Fat babies, white dogs running, nursemaids with the wind pulling at their snuff-coloured veils, and at least six sharp intervals of sun strong enough to paint three shadows on the grass. That was how Kensington Gardens looked the other day, that delicious annexe to a thousand nurseries, that lovely land of young things insulated from our common world by a row of spiked railings.

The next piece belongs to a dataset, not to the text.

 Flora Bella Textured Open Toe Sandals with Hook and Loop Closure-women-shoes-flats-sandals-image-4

I went up the Broad Walk revelling in this untroubled side of life, joyfully appreciating other people's babies, patting other people's dogs, admiring a smart turnout that lacked only a crest on the dove-grey perambulator, noting with pleasure the tall, neat young Kensington mothers with their lamp-post figures in well-cut tweed. When the sun came through it was like a game of musical chairs. The nursemaids stopped perambulating. Wind-blown walkers came to a standstill. They sat down on green seats.

So did I.

Next to me was a maiden of about three, a little unopened rose-bud of a girl, whose crisp gold hair escaped from a woollen cap with a yellow woollen tuft on top like a tangerine. Her short legs, in grey woollen trousers, stuck out in space so that she, sitting on a grown-up's seat, was in exactly the same position she would have assumed had she been sitting on a floor! Her brother was perhaps five. He wore a peaked cap of corduroy, leggings, and a little fawn coat with an absurd belt at the back.

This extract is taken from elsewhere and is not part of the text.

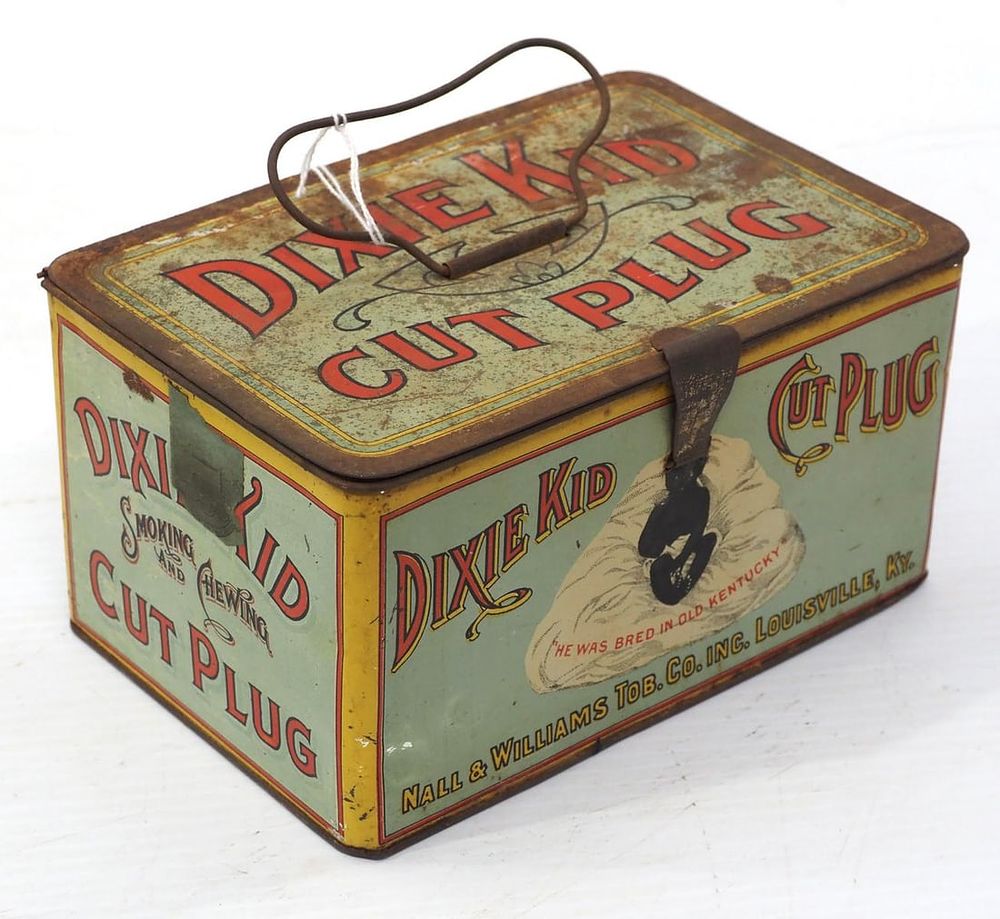 Lot 441: Dixie Kid Cut Plug Tobacco tin box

These two were holding hands, a difficult feat, I imagine, when hands are so small and woollen gloves so bulky and fluffy. They were discussing railway travel. He said that the carriage wheels say "lickety-lick, lickety-lick," which I thought was very true, but she, womanlike, contradicted him, saying that they go "tell-at-a-train, tell-at-a-train," which I thought also was very true. Then suddenly he said loudly three times, because his nurse was reading a novel:

"Nannie," he said, "I'm going to marry Madge!"

She looked shocked, put down the novel, and said:

"No, Master John, little boys don't marry their sisters, ever."